*Given records*.
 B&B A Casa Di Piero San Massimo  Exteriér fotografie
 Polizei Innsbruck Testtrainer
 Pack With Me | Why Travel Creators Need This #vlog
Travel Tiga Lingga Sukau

---

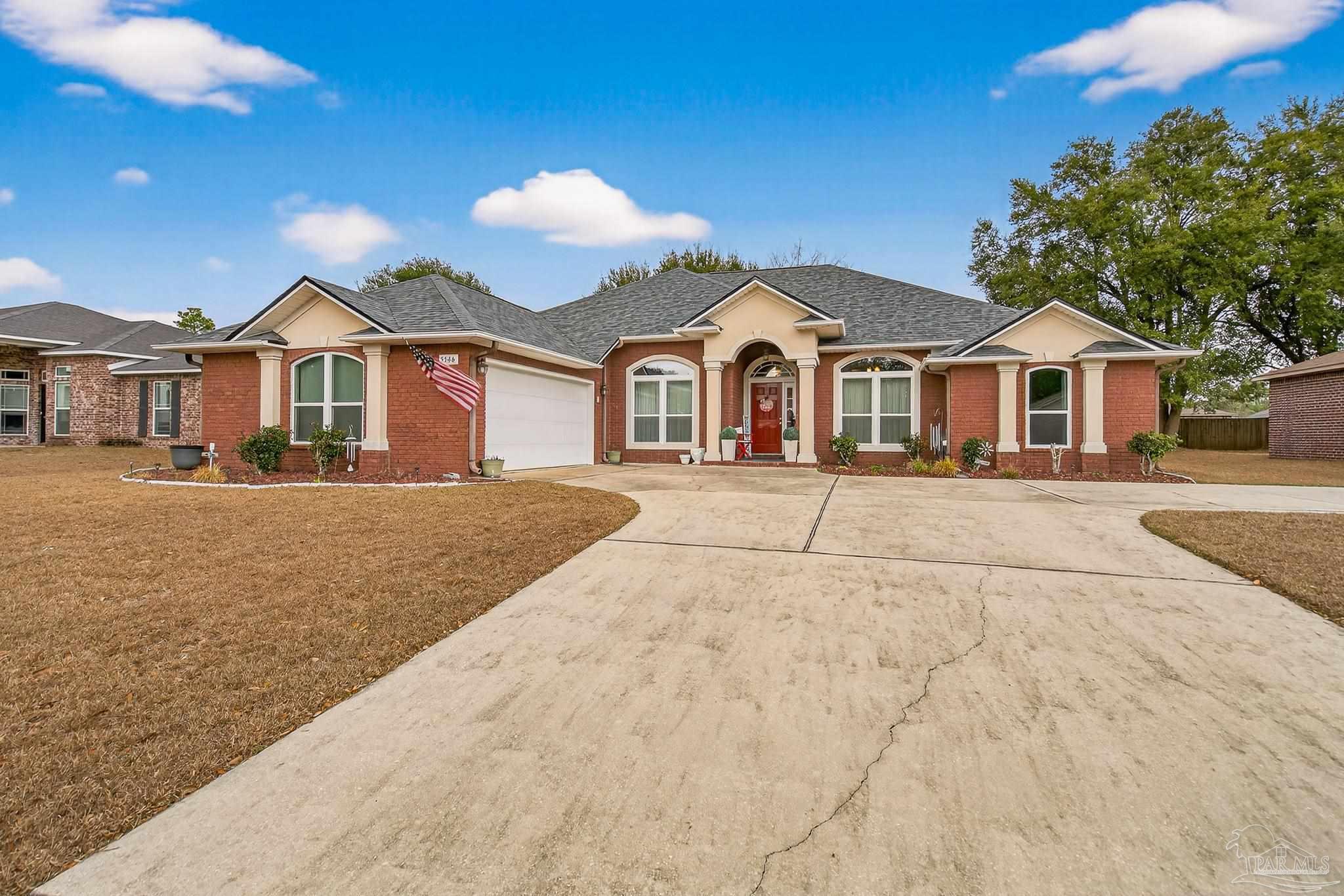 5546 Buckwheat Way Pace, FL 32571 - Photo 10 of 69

*Work to complete*. Above are the records; repeat exactly the lines from the one holding "B&B A Casa Di" down to the one holding "Travel Tiga Lingga Sukau", end lines included.

*Answer box*.
 B&B A Casa Di Piero San Massimo  Exteriér fotografie
 Polizei Innsbruck Testtrainer
 Pack With Me | Why Travel Creators Need This #vlog
Travel Tiga Lingga Sukau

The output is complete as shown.